“Il modello dell’educazione di oggi è quello di Tempi moderni, di Charlot che fa l’operaio e esegue un solo gesto: prendere la chiave inglese e girare un bullone. L’ideale del nostro bell’ideologo-intellettuale-riformatore dell’educazione è proprio “formare” qualcuno che fa una sola cosa, e la fa senza pensare. Un modo di mortificare la ricchezza della natura umana. E la democrazia viene uccisa”. Sono le parole dello storico e critico d’arte, Salvatore Settis che, in una lunga intervista rilasciata a Linkiesta, analizza le attuali tendenze dell’educazione e della formazione in Italia, ultima la riforma della Buona Scuola che, secondo Settis, “non è poi così buona”.
Un eccesso di specializzazione, di competenze e non di conoscenze: “Non bastano le conoscenze specialistiche, approfondite quanto si vuole. Ci vuole una visione collegata col senso della comunità (come del resto è scritto nella nostra Costituzione, che stiamo via via dimenticando) – spiega l’ex direttore della Normale di Pisa – E poi non c’è conoscenza senza sguardo critico, cioè senza il dubbio. La scuola ci insegna delle cose, ma dovrebbe soprattutto insegnarci a dubitare di quello che essa stessa ci insegna”.
Riforme portate avanti a suon di slogan, da quelli berlusconiani (inglese, impresa, internet) a quelli dell’attuale premier (La Buona Scuola, appunto): “L’uno e l’altro slogan sono stati usati in modo superficiale e cinico per sostituire la sostanza. L’etichetta del brandy di lusso mentre nella bottiglia c’è quello del discount. Stesso discorso per il nostro presidente del Consiglio che ama la “Narrazione”. Narrare (in altri termini: raccontare balle) per persuadere gli ingenui. Basta parlare con qualche professore per accorgersi che la cosiddetta “buona scuola” non è una scuola buona: sono in condizioni di grave difficoltà da tutti i punti di vista”.

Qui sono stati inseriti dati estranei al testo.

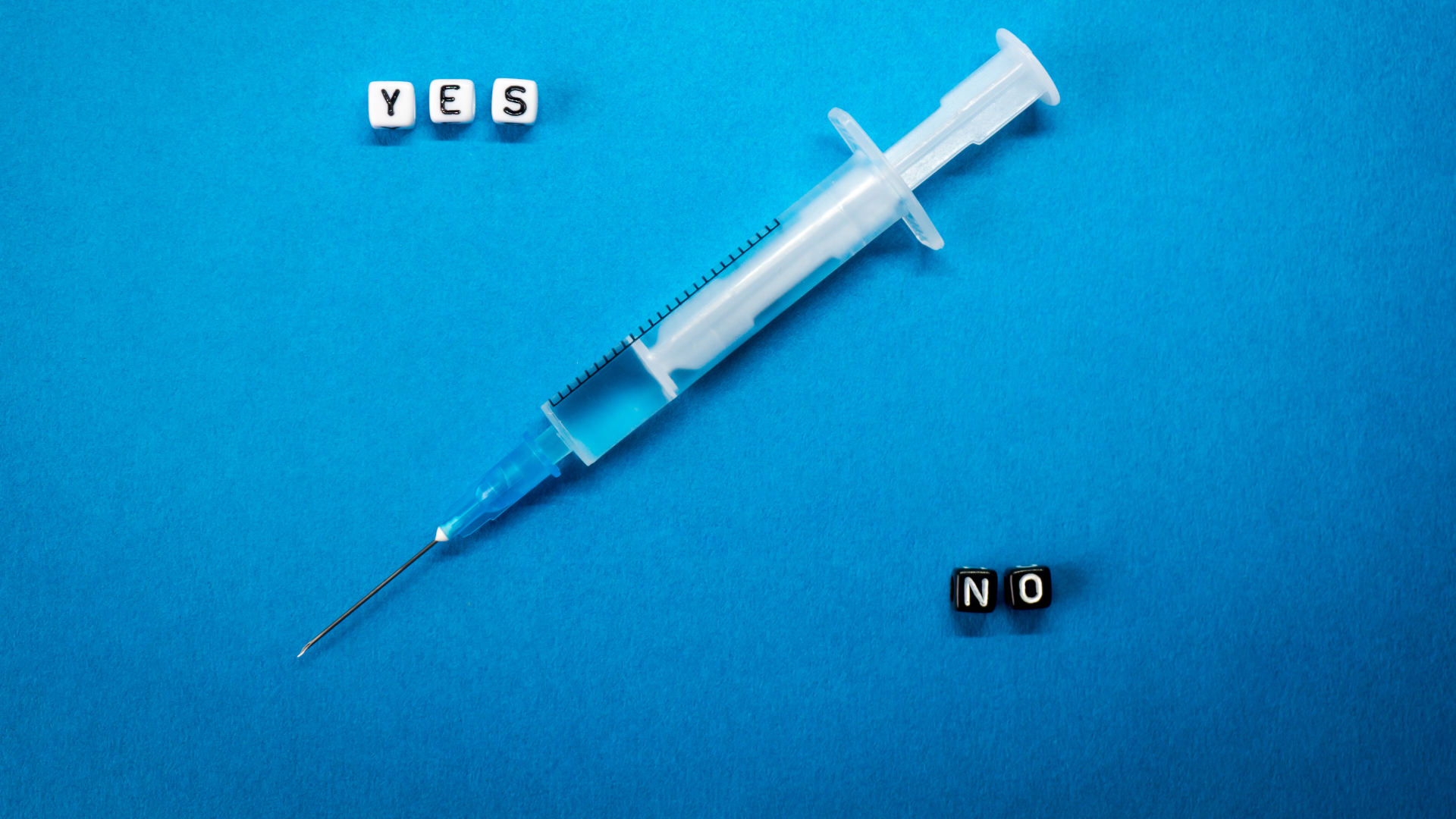 Yes No words made of square letters and a syringe on blue background.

E sulla valutazione, a tutti i livelli, e l’eccesso di burocratizazzione del mestiere di insegnante, Settis ammette: “La burocratizzazione del mondo avanza mentre gli stessi governanti continuano a dirci che stanno facendo una lotta dura e senza paura contro la burocrazia. Il fatto di dover riempire mille moduli, dover scrivere mille sciocchezze: è come se non ci si fidasse della responsabilità dell’essere umano. Un professore si giudica dai risultati, da come fa lezione agli allievi. Nel caso di un professore universitario c’è la ricerca. Che poi viene spesso valutata male”.
Una battuta poi in risposta a coloro che insinuano che gli insegnanti rappresentino una categoria privilegiata, benedetta da fin troppe pause e vacanze: “Il lavoro intellettuale non si può quantificare o conteggiare. Tra i famosi “otium” e “negotium” non c’è soluzione di continuità. Un insegnante non deve essere valutato in base alle ore che fa di lezioni frontali. Chi le prepara? E il tempo che uno ci mette a prepararle chi lo conteggia?”.